The buyer is entitled to collect claims from the resale. This redemption authorization shall expire in the event of revocation by the DBF, but at the latest in the event of default in payment, non-redemption of a bill of exchange or application for the opening of insolvency proceedings. The DBF will only make use of the right of revocation if it becomes apparent, after the conclusion of the contract, that the payment claim arising from this or other contracts with the buyer is at risk due to the buyer’s inability to pay. At the request of the DBF, the buyer shall be obliged to inform his customers immediately of the assignment to the DBF and to provide the DBF with the documents required for collection.

§ 9 Liability

Unless otherwise stated below, other and further claims of the buyer against the DBF are excluded. This applies in particular to claims for damages arising from delay, impossibility of performance, culpable breach of contractual accessory obligations, violation of any precontractual obligations (culpa in contrahendo) and tort. The DBF is therefore not liable for damage that has not occurred to the delivered goods themselves. Above all, the DBF shall not be liable for loss of profit or any other financial loss of the buyer.

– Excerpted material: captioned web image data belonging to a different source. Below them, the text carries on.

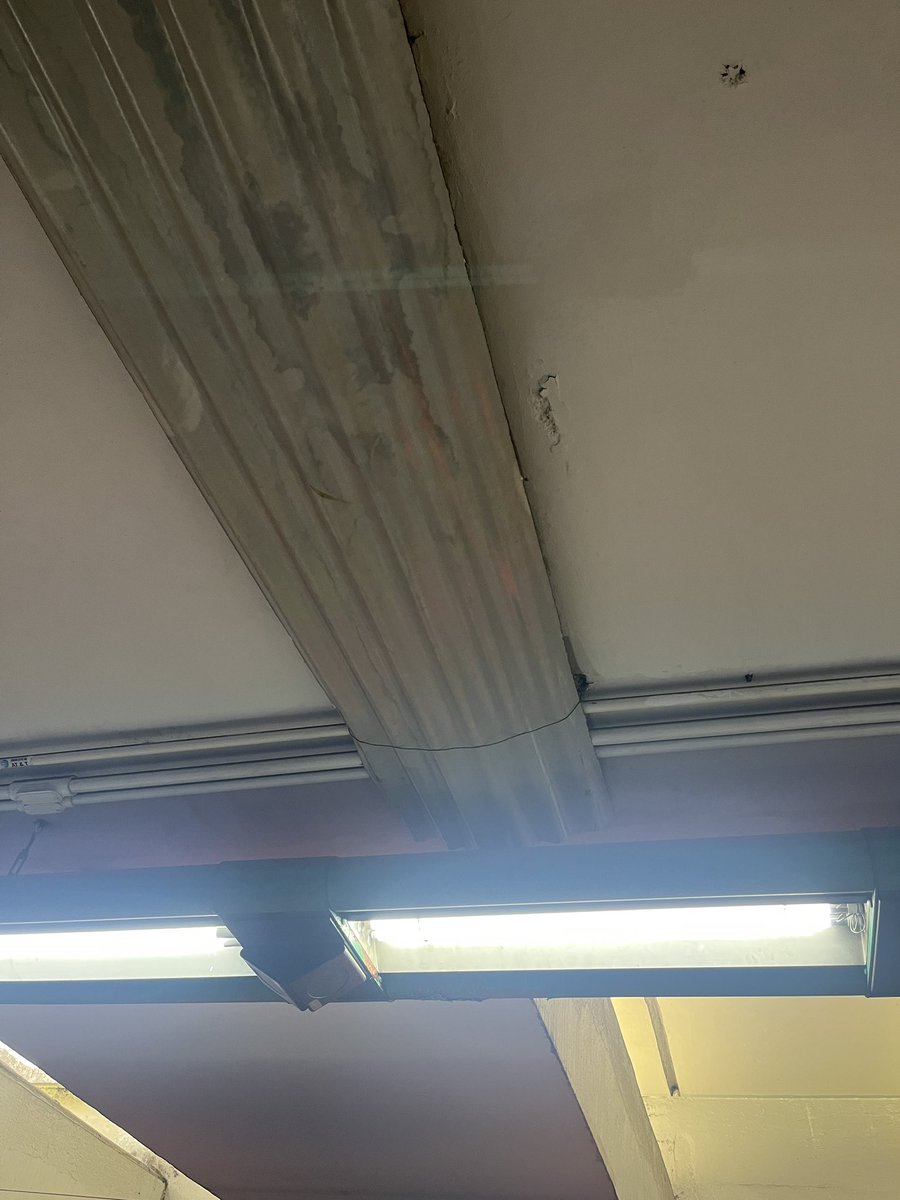 Rulo_Lobo's tweet photo. Una estación del #metro @MetroCDMX la viga, de la  #cdmx que por no ser ruta del mundial no tuvo el privilegio a ser maquillada, perdón, reparada @ClaraBrugadaM https://t.co/430OQkyfWy
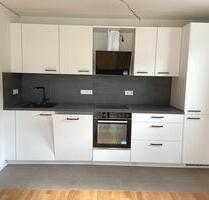 Erstbezug: Moderne 4-Zi-Wohnung mit Balkon und Einbauküche - Esslingen am Neckar Hegensberg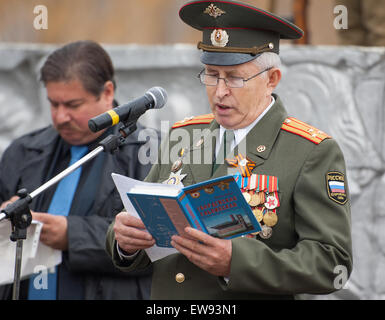 RUSSIA, BORODINÒ - 12 ottobre: custodisce il colonnello V. Kosarev parola sulla rievocazione storica della battaglia nella seconda guerra mondiale nei pressi del villaggio di Borodino nel 1941, nella regione di Mosca, Borodinò, il 12 ottobre 2014, Russia Foto Stock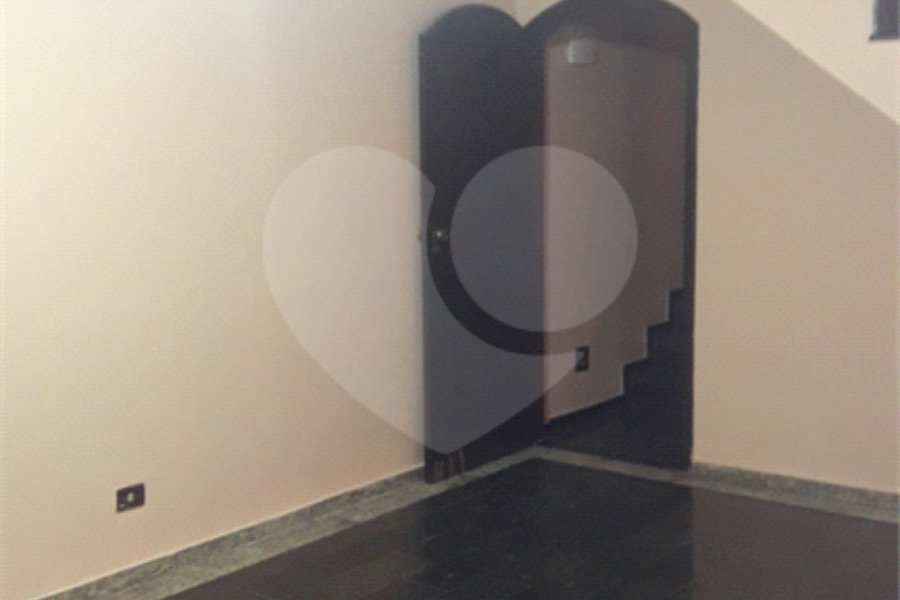 Sobrado à venda com 3 quartos, sendo 1 suíte, no Brasilândia, São Paulo, SP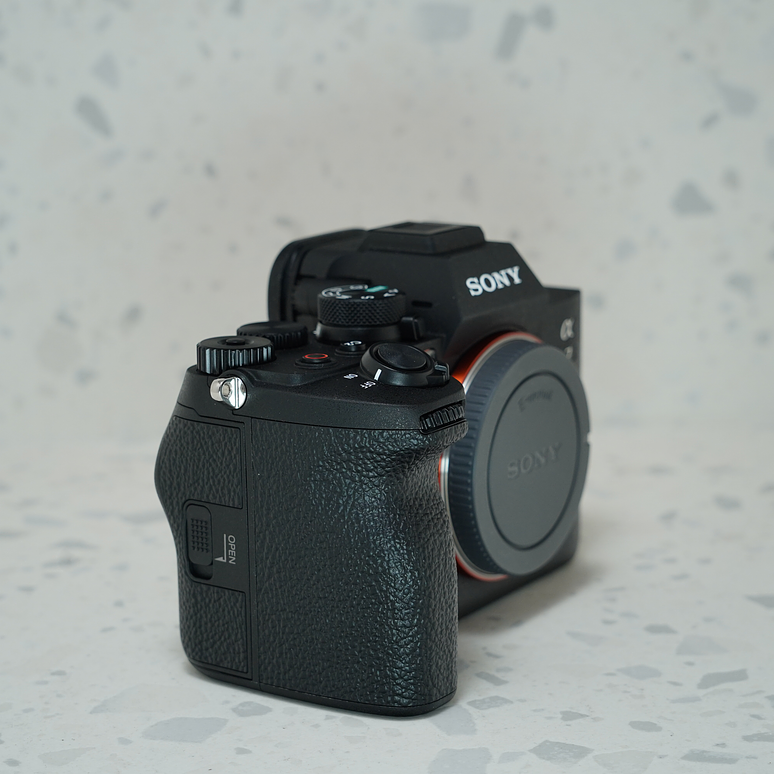 Sony a7 IV Body - Open Box 3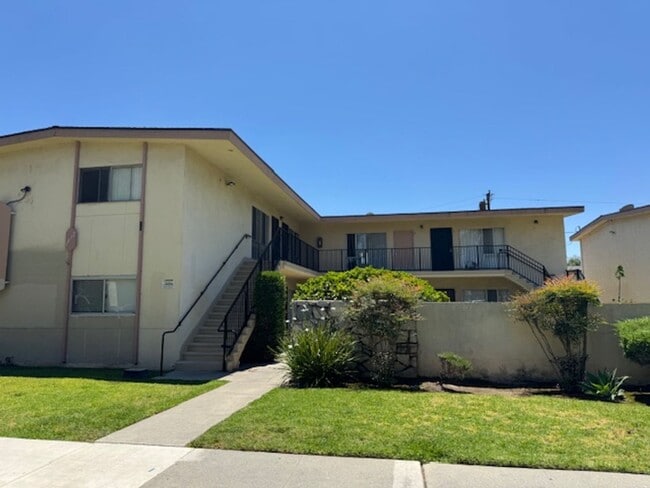 Building Photo - 1832 W Crestwood Ln Unit 1 Rental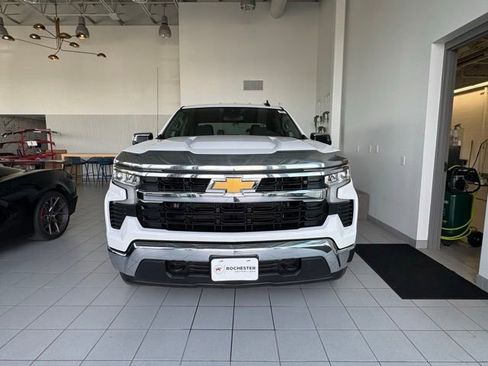 Used 2023 Chevrolet Silverado 1500 LT AWD/4WD image 30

The above limitations of liability shall not apply in the event of intent, gross negligence on the part of legal representatives or executive employees or culpable breach of essential contractual obligations. In the event of culpable breach of essential contractual obligations, the DBF shall be liable only for reasonably foreseeable damage typical of the contract, except in cases of intent or gross negligence on the part of its legal representatives or executive employees.

Furthermore, the limitation of liability shall not apply in the event of damage to life, limb or health resulting from an intentional or negligent breach of duty by the DBF or an intentional or negligent breach of duty by a legal representative or vicarious agent of the DBF.

§ 10 Miscellaneous

This contract and all legal relationships between the parties shall be governed by the laws of the Federal Republic of Germany to the exclusion of the UN Convention on Contracts for the International Sale of Goods (CISG).

The exclusive place of jurisdiction for all disputes arising from this contract shall be the registered office of the DBF.

§ 11 Validity

These General Terms and Conditions are valid from 01 October 2018.